I have James Whitcomb Riley's pocket dictionary, The Pocket Gem Pronouncing Dictionary. His signature is on the inside cover and there is a presentation attestation from one of his heirs to my husband's great aunt. It also held a couple of doggerel bits clipped from newspapers.

Editat: des. 5, 2016, 11:27 pm

4 Susan Dichter

You mentioned Zimmerman and his association copies of Rosenbach's Unpublishable Memoirs. Kurt Zimmerman and I used to bid against each other on ebay for books-about-books related association copies. But he had more money than I did! So I left those association copies for him, and collected association copies belonging to authors, actors, aviators, and other famous people.

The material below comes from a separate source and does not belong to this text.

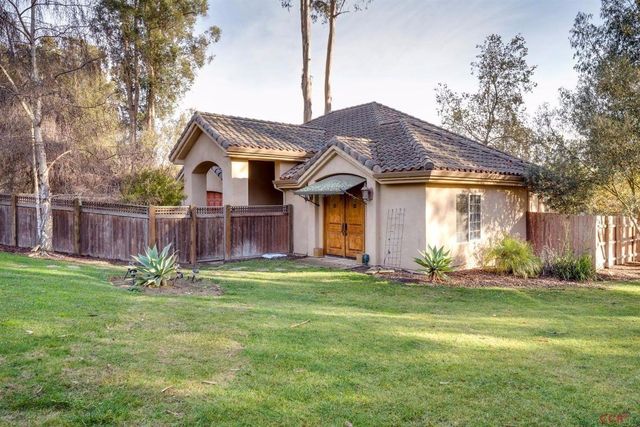 2041 Idyllwild Pl, Arroyo Grande, CA 93420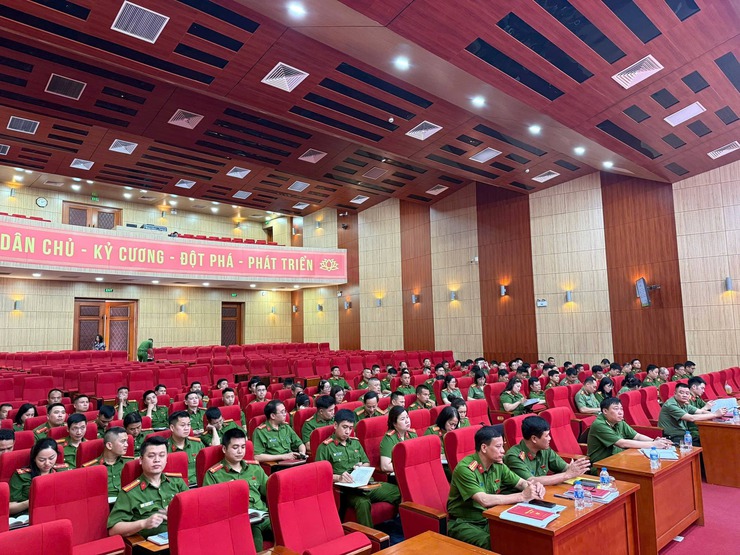 Phường Bạch Mai: Siết chặt quản lý cán bộ, nói không với “tín dụng đen”- Ảnh 2.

I sold my aviation association copies in 2006 while waiting for my disability retirement to be approved. But I had previously written about them in 2004 in the old online AB Bookman's Magazine: The Sentimental Airman.

In 2015, I gave a talk before the Florida Bibliophile Society on my collection of association copies, and then posted it on My Sentimental Library blog: Whose Hands Were on this Book?

I just gave a talk about association copies at my local library last month, and included several association copies not mentioned in my previous talk/blog post. I won't inundate you with them now, but may post some down the road if this thread proves popular.

gen. 19, 2017, 2:00 pm

4 moibibliomaniac

Sorry it has taken me so long to acknowledge your Dec. 5, 2016 message. I have not been on Library Thing in some time. I thought your blog, Whose Hands Were on This Book," was swell and I intend to read the rest as soon as I have time. Thank you! Susan Dichter

gen. 19, 2017, 3:19 pm

A not at all notable example is my copy of When Illness Goes Public. The inscription shows that the author gave it to Augusto Odone, member of a family dicussed at length in the book. (The film 'Lorenzo's Oil' is about them.) What makes it of interest to me is that it ended up in the UK & that Odone was still alive when it did; obviously, he got rid of the book--why? The work is serious and sympathetic toward the subjects, but was Odone a touchy sort who found something offensive in a reference to him that no one else would notice? was he clearing his life of everything that might remind him of the dead son? did he leave it in a taxi, one driven by a light-fingered temporary employee who kept the book & took it back home with him to England?